- Series Hub: Spurs-Heat
SAN ANTONIO – We apparently have reached the reverse psychology phase of The Finals, where the adjustments and counter-adjustments have gone from the Xs & Os of the whiteboard to the inner game of participants’ minds. And Miami’s Chris Bosh is out front of that, heading into Game 3 against the San Antonio Spurs on Tuesday night (9 p.m. ET, ABC) at the AT&T Center.
Say goodbye to Bosh as a 3-point shooter, at least for the foreseeable future.
“With this [Spurs] team, it seems like that’s what they want me to do so I’m not going to do it,” he told the media after Miami’s morning shootaround session. “They want me to shoot 3s. I could tell by looking at the film. So I really just changed it up.”
Bosh took four 3-point shots and missed them all in the Finals opener. In Game 2 Sunday, all 10 of his shots came from inside the circle, and both he (plus-19 compared to minus-4 in Game 1) and the Heat did better.
There was something in the way Spurs defenders held back — maybe even folding their arms and rolling their eyes — when Bosh got the ball outside the arc that made him catch on in video review.
” ‘Cause nobody was closing out to me, and I’m like, ‘OK, if nobody’s closing out ot me, that means they want me to shoot it,’ ” Bosh said. “So I just wanted to get in an area where I could be more aggressive and kind of really work against that game plan they have.”

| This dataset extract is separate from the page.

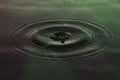 Green and red water dropping, water ripples in a pond. waves of rippling water Royalty Free Stock Photo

Who could blame San Antonio? Sure, Bosh had made 48.4 percent of his 3-pointers in the first round of the playoffs, including 8-of-16 against Indiana in the Eastern Conference finals. But in the regular season, he shot 28.4 percent from out there on only 74 attempts. His career average: 28.8 percent.
Now it’s possible that by the time this championship series gets to Games 4, 5 or 6, both sides might be into triple- or quadruple-psychology where the Spurs will close out hard again, Bosh will initially think that means they don’t want him to shoot from that distance and then he’ll have a Eureka! moment of I know that they know that I know…
But for now, it’s a simple tweak that paid off with a more all-around performance (12 points, 10 rebounds, four assists) from him, compared to his low-impact play in the opener. He is 8-for-14 from midrange in the series.
“I’m just trying to do my best to get everybody involved when I have the chance,” Bosh said. “Sometimes it really gets me going to [be] more of a threat too. If I make the right passes, maybe they’ll space out a little bit and I can get a couple layups and a few more open jumpers.”
In other words, the light bulb is on and Bosh has come around to what so many critics have been saying: Get inside, closer to the paint, and play more like a power forward.
“I can always step out and knock those down,” Bosh said. “But to get in a better rhythm, I think starting closer to the basket is ideal for me.”